Atac: “non mi convince il referendum radicale”

mercoledì 9 agosto 2017


Non ho sottoscritto la richiesta di referendum sul trasporto pubblico locale di Roma perché questa volta l’iniziativa degli amici radicali non mi convince. Sono d’accordo in termini di principio alla liberalizzazione dei servizi pubblici locali, anche se dovremmo prendere atto che tutte le privatizzazioni fatte in Italia negli ultimi anni sono state un disastro per lo Stato.

Da consigliere regionale, nel 2006, feci approvare l’unica norma che ha operato una piccola liberalizzazione nel settore del trasporto pubblico, quella che consente agli ncc di fuori Roma di fare servizio nella Capitale. Cosa che suscitò forti proteste, che durano ancora oggi, da parte della categoria dei tassisti. Non solo, ma nel 2008 ho presentato anche una proposta di legge per la liberalizzazione dei servizi pubblici locali, con la previsione di gara per la gestione dei servizi: È rimasta lettera morta e non sono riuscito neanche a farla discutere dalla commissione.

Quello che non mi convince dell’iniziativa degli amici radicali è il contesto e il contorno. Il contesto perché con la crisi finanziaria dell’Atac ho l’impressione che il referendum possa portare al fallimento della municipalizzata della Capitale, cosa che graverebbe sulle finanze dei cittadini, e l’assegnazione del servizio a privati o alle Ferrovie dello Stato, che era poi l‘obiettivo anche bipartisan di una mozione discussa in Senato non più tardi di qualche mese fa.

Teniamo conto che oltre il 20 per cento del trasporto pubblico di Roma è stato privatizzato ed affidato con gara ad una società che per molti aspetti fa rimpiangere persino l’attuale servizio dell’Atac. Non mi piace poi il contorno, perché quando vedo il sostegno di esponenti di partiti che hanno gestito per anni il tpl di Roma mi vengono molti ma molti dubbi.

Comunque il referendum può essere l’occasione per discutere in maniera seria del problema facendo anche luce sul forte indebitamento dell’Atac. Io credo che bisogna prima tentare di risanare l’Atac, seguendo i consigli degli ultimi amministratori, scegliendo quindi la strada del concordato preventivo per evitare il fallimento, e dopo pensare alla gara, dando quindi alla municipalizzata la possibilità di gareggiare.

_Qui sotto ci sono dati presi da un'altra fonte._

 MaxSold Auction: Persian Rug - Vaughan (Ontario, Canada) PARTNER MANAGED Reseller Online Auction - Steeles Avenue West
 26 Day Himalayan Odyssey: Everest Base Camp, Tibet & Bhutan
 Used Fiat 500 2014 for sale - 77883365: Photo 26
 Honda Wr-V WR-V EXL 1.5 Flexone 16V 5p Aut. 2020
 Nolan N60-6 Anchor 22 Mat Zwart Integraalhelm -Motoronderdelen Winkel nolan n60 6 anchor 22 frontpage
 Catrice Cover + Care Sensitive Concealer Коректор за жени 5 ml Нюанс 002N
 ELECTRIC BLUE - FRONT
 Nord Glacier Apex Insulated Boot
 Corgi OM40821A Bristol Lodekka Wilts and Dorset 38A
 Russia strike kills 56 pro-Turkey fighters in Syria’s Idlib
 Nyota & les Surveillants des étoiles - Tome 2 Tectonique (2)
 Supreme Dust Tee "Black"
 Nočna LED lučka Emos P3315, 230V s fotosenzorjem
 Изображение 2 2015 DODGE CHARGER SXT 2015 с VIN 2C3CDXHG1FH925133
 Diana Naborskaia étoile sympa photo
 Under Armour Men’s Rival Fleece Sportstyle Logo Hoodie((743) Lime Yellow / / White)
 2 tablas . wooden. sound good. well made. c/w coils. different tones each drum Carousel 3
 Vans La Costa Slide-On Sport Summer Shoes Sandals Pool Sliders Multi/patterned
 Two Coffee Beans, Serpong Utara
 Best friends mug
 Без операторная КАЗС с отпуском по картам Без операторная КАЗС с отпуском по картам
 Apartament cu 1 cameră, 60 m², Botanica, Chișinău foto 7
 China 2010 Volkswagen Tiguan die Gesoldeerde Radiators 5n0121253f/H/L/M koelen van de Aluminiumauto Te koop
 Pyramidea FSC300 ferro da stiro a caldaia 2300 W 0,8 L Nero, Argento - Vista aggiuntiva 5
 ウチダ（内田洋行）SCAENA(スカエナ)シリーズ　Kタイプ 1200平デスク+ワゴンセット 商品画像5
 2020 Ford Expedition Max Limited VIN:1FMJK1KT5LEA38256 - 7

Prima della gara bisogna poi stabilire regole certe per l’esercizio del servizio e i costi, che è una questione importantissima di cui nessuno parla. Per fare un gara bisogna stabilire il quantum e probabilmente scopriremmo che gli attuali trasferimenti e gli incassi della bigliettazione non bastano a coprirlo.

Il debito dell’Atac è imponente, si aggira intorno a 1,3 miliardi di euro, e sicuramene è dovuto alla cattiva amministrazione dell’azienda, considerata una mucca da mungere per costruire consenso, ma nessuno dice che il debito è anche frutto di un fondo sottostimato che viene trasferito alla Capitale, inferire a quello per esempio di Milano. Nell’attuale dibattito di questo nessuno parla e soprattutto nessuno dice che i tagli operati dalla Regione Lazio dal 2011 ad oggi sono stati ingenti ed hanno contribuito in maniera determinante al tracollo finanziario dell’azienda. Lo Stato trasferisce alla Regione Lazio la propria quota del fondo nazionale trasporti che è pari a circa 600 milioni l’anno. Roma Capitale rappresenta circa il 60 per cento del trasporto regionale e quindi dovrebbe ricevere non dico la stessa percentuale ma almeno un po’ di più della metà del fondo regionale e invece riceve una cifra di molto inferiore a quella dovuta.

Rispetto al trasferimento, dalla Regione a Roma, del 2011 pari a 305 milioni, in linea con un parametro accettabile per la Capitale, nel 2012 il fondo è sceso a 218 milioni (-28,50 per cento), nel 2013 addirittura a 100 milioni (-67,20 per cento), nel 2014 a 140 milioni (-54 per cento), nel 2015 a 180 milioni (-41 per cento), nel 2016 a 220 milioni (-27,90 per cento) e nel 2017 a 240 milioni (-21,30 per cento). Un taglio complessivo pari a 732 milioni, che è più della metà dell’attuale debito dell’Atac.

Non è un caso allora che l’attuale presidente della Regione, Nicola Zingaretti, ha sempre detto no alle richieste del sindaco Ignazio Marino, del suo stesso partito, all’intesa, prevista dal decreto su Roma Capitale, per poter accedere direttamente al fondo nazionale del trasporto locale, trattando direttamente con il Governo nazionale, senza andare con il cappello in mano alla Pisana.